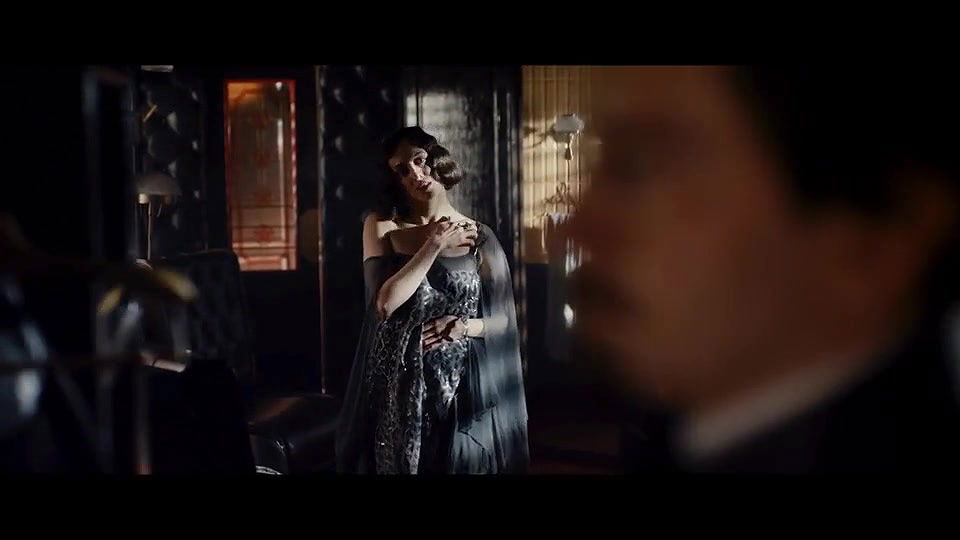 anastasiya meskova – trotsky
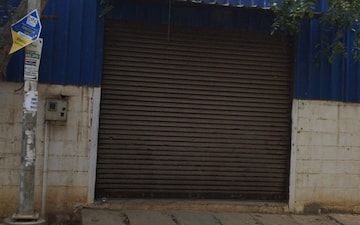 Warehouse For Rent in Hennur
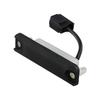 Car Release Handle Rear Trunk Opener Switch 901-725 84840-35010 for 4Runner 2003-2021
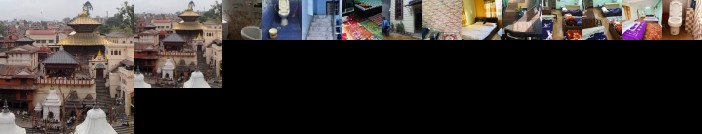 Sara's Backpackers Hotel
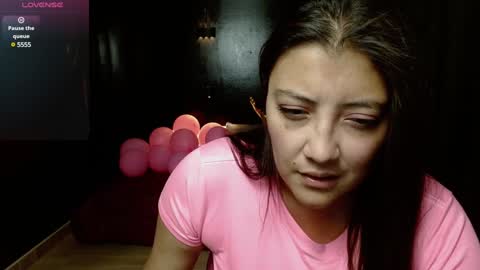 Eva online show from January 20, 2:57 pm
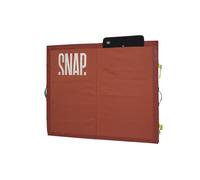 Climbing mat Snap Climbing Rebound Rouge 120x100x11 cm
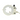 56 LED Microscope Ring Light Diameter 64mm 5W, Frosted, SKU ML46241223, three quarter front view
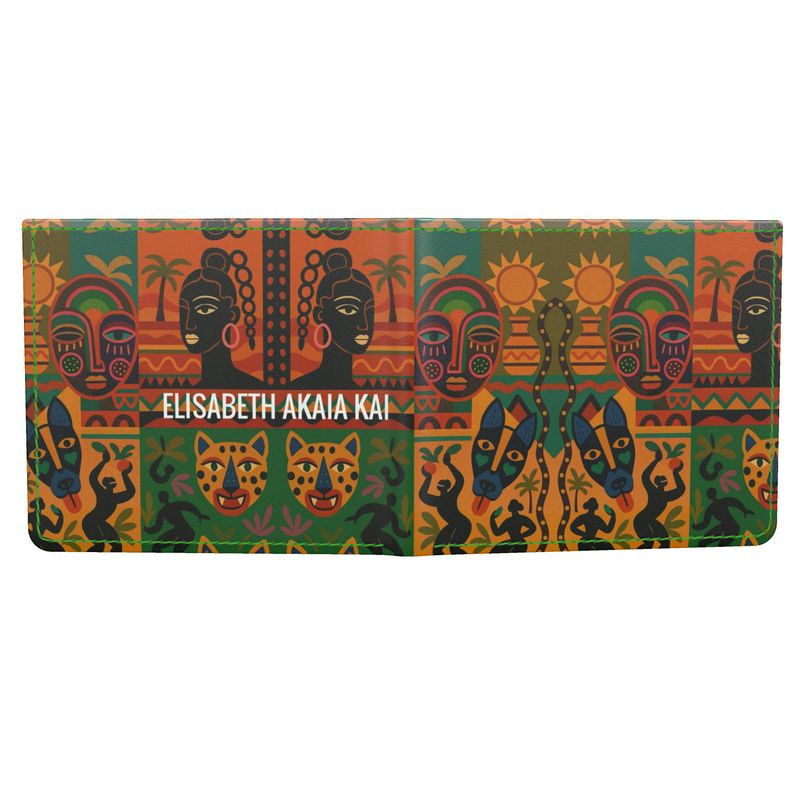 portefeuille Homme Nzinga
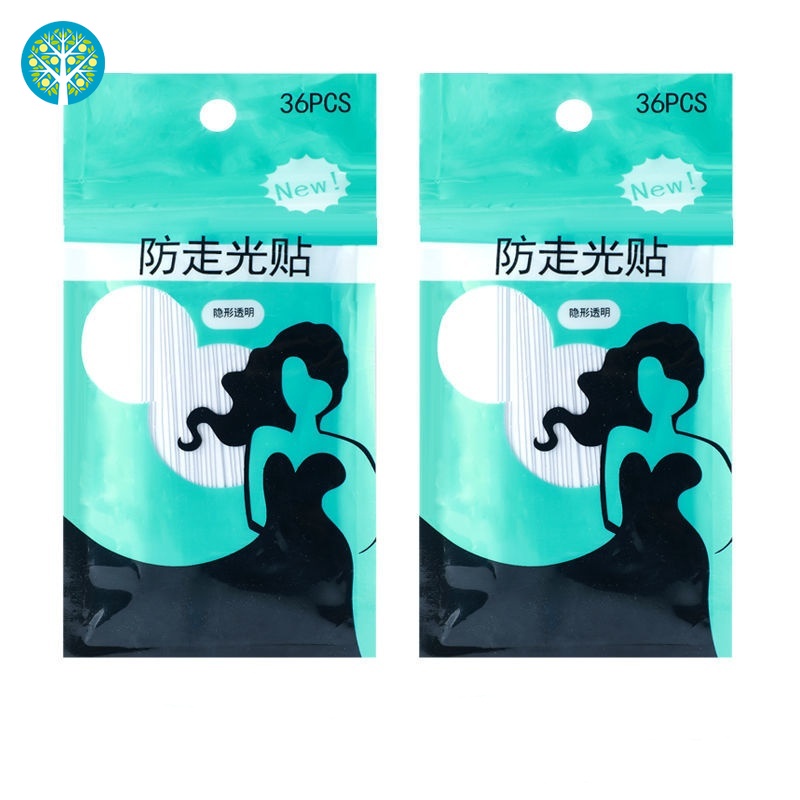 Bộ 36 Băng Keo Y Tế Hai Mặt An Toàn Dễ Sử Dụng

Instructions for the task:
Print the entries as they stand, first line through the line holding "Climbing mat Snap", with every picture removed.

Exercise result:
 anastasiya meskova – trotsky
 Warehouse For Rent in Hennur
 Car Release Handle Rear Trunk Opener Switch 901-725 84840-35010 for 4Runner 2003-2021
 Sara's Backpackers Hotel
 Eva online show from January 20, 2:57 pm
 Climbing mat Snap Climbing Rebound Rouge 120x100x11 cm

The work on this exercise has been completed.